The Report first describes each of the product types and its characteristics.  Relying largely on data from the Bank for International Settlements, it also identifies banks and other financial institutions as the main market participants in OTC derivatives by product.  The Report places great weight on what it views as the systemic relevance of the OTC derivatives markets "in particular because of the existence of large exposures between a limited number of financial institutions."[8]  Among other things, the Report points out that the web of interdependencies related to OTC derivatives between the market-making dealers means that disruptions at one such dealer may easily be transmitted to others, as well as to the wider financial system.

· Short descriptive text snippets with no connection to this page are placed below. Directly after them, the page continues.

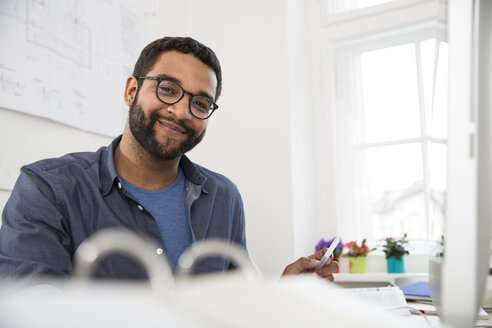 Portrait of smiling man at desk in office - FKF001868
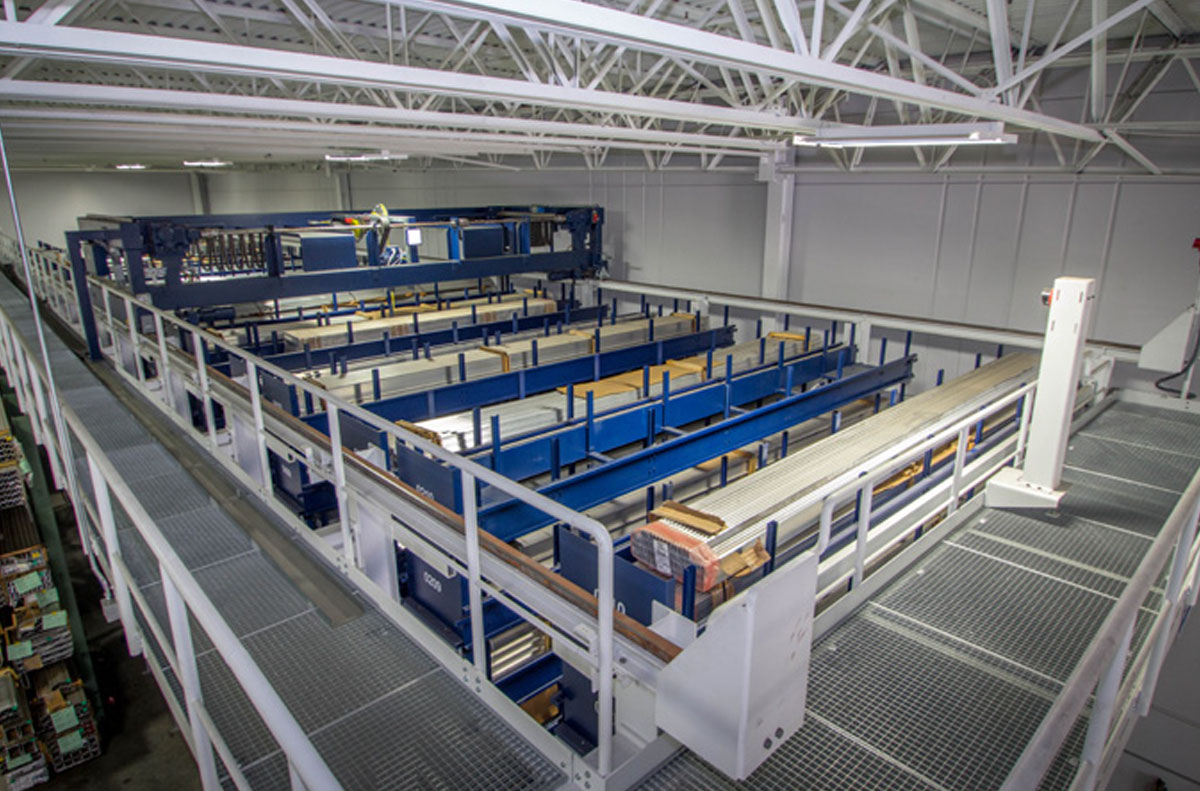 Picture: A traversing storage and retrieval machine stores and retrieves the cassettes in the twelve aisles of the long goods store.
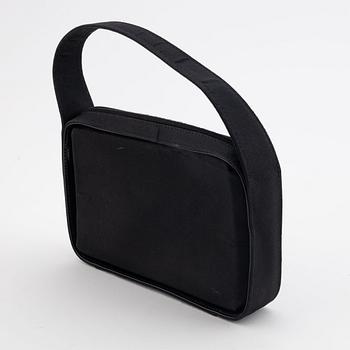 Gucci, a black satin handbag.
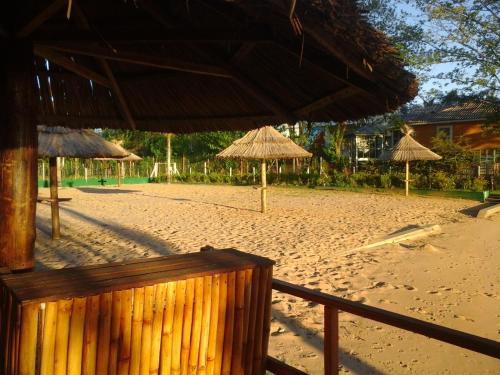 a beach with straw umbrellas on the sand at Cabañas Burdeos in Tigre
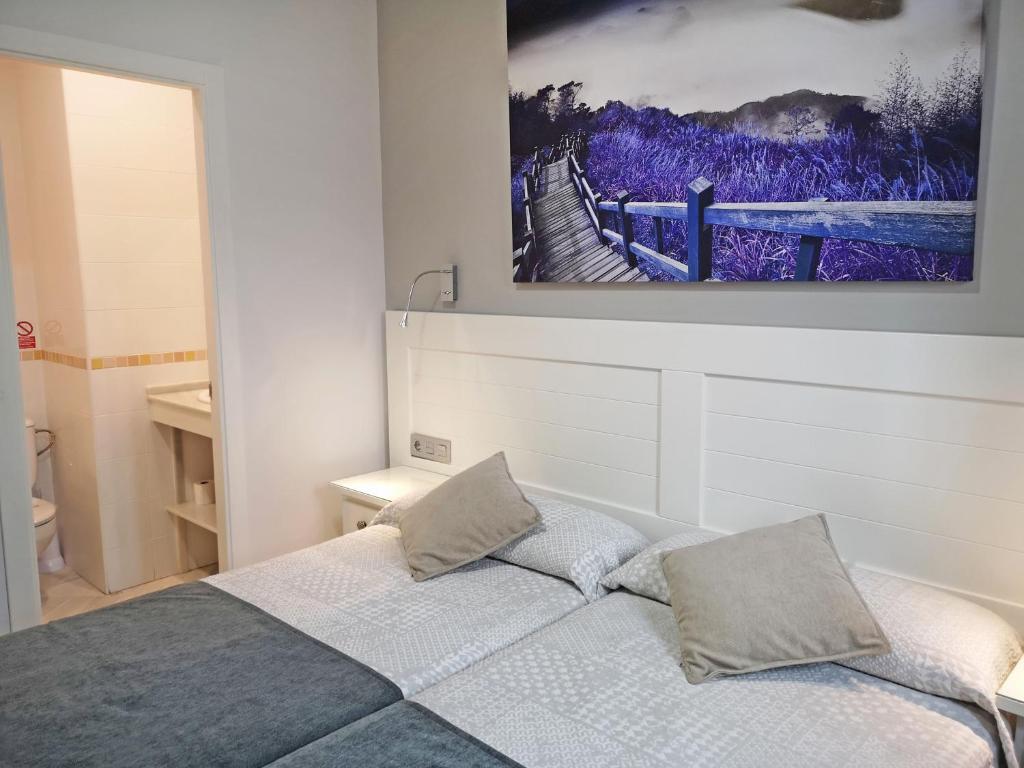 Posteľ alebo postele v izbe v ubytovaní Hostal Bodega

The Report then discusses the three phases of the post-trade processing of OTC derivatives: (i) pre-clearing, (ii) clearing and (iii) settlement.  The pre-clearing phase mainly involves trade confirmation and matching services.  The Report notes that, according to recent data, approximately 50% of OTC derivatives continue to be confirmed on paper.  The profound spike in volume of these trades has resulted in delays in confirming transactions which, in turn, has weakened the enforceability of trades, hampered the ability of trade counterparties to net their exposures and increased the risk of incorrect book-keeping (which could lead to an incorrect measure of counterparty credit risk).  The Report further notes that OTC derivatives are still predominantly cleared through bilateral arrangements, as opposed to centrally.  Finally, the Report discusses the predominant existing methods of periodic settlement for OTC derivatives.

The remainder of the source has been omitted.